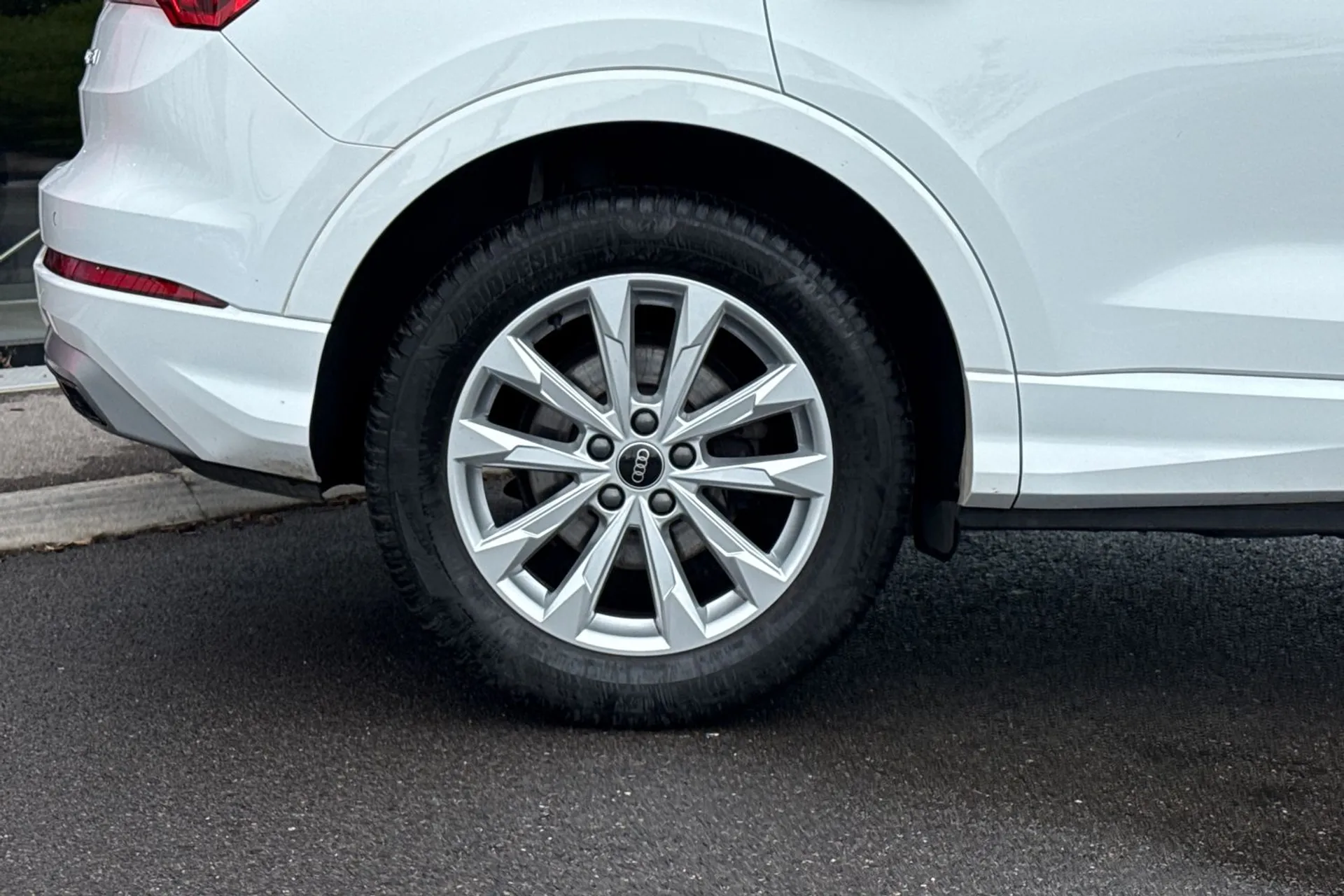 Audi Q3 thumbnail image number 20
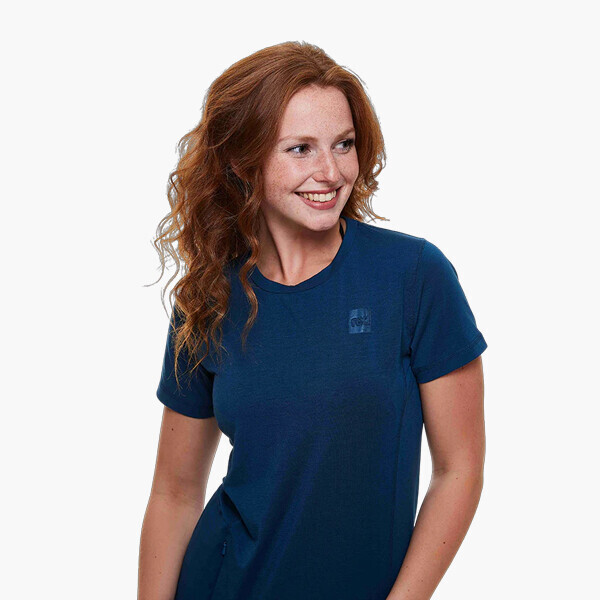 퐁당닷컴,★이월 상품★ 레드 퍼포먼스 티셔츠,영국 감성 프리미엄 레드, High quality 기능성 원단의 러닝, 아웃도어 티셔츠,레드,수영, 물놀이 > 어패럴 > 반바지, 티셔츠, 후디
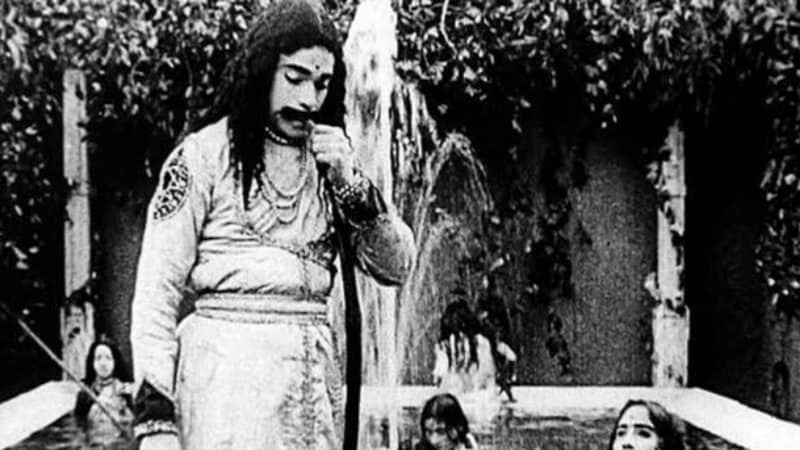 मतलब अब सरकार 'राज्य हरिश्चंद्र' जैसी फिल्म का भी सर्टिफिकेट फिर से जांच सकती है. Raja Harishchandra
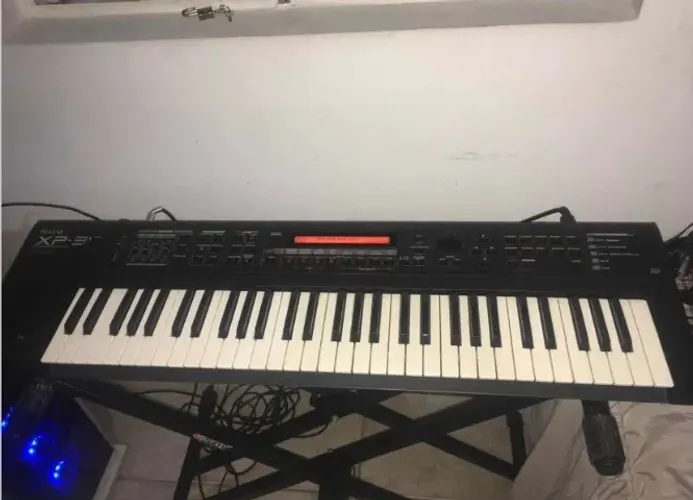 Teclado Roland XP30
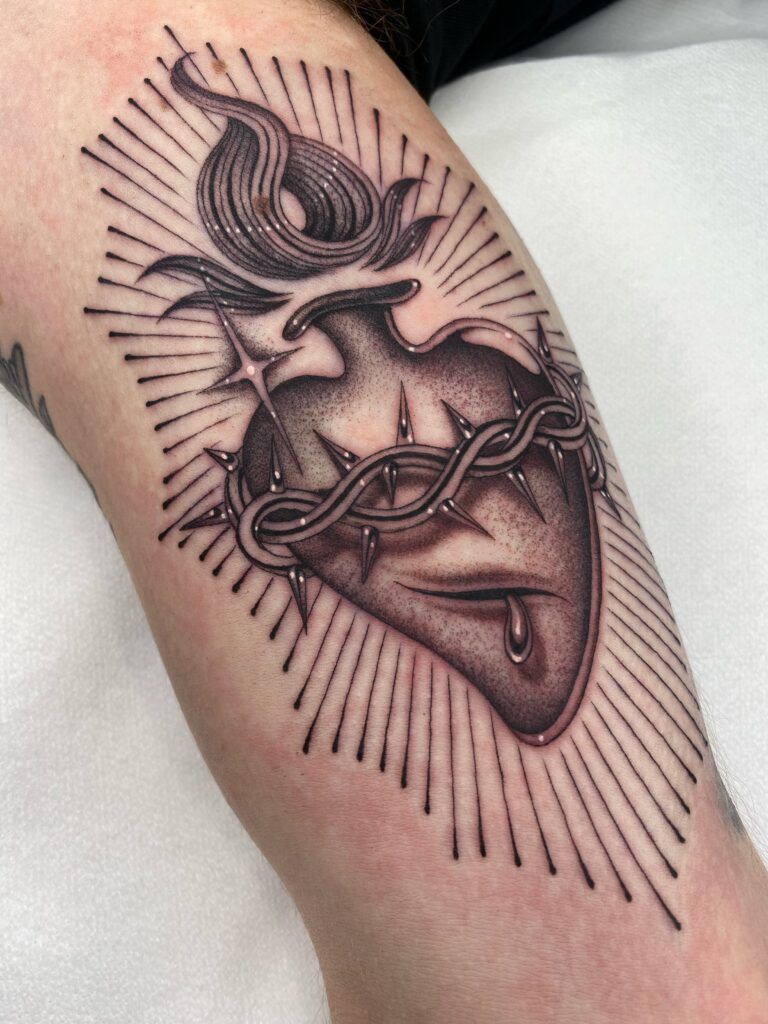 Tatuajes Fine Line en Barcelona - Sagrado Corazón - Por Sara Rosa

+++

> Task goal
Set down, in exact form, only the lines that start at the one containing "퐁당닷컴,★이월 상품★ 레드" and finish at the last line of the material; pictures do not go in.

> Finished exercise
 퐁당닷컴,★이월 상품★ 레드 퍼포먼스 티셔츠,영국 감성 프리미엄 레드, High quality 기능성 원단의 러닝, 아웃도어 티셔츠,레드,수영, 물놀이 > 어패럴 > 반바지, 티셔츠, 후디
 मतलब अब सरकार 'राज्य हरिश्चंद्र' जैसी फिल्म का भी सर्टिफिकेट फिर से जांच सकती है. Raja Harishchandra
 Teclado Roland XP30
 Tatuajes Fine Line en Barcelona - Sagrado Corazón - Por Sara Rosa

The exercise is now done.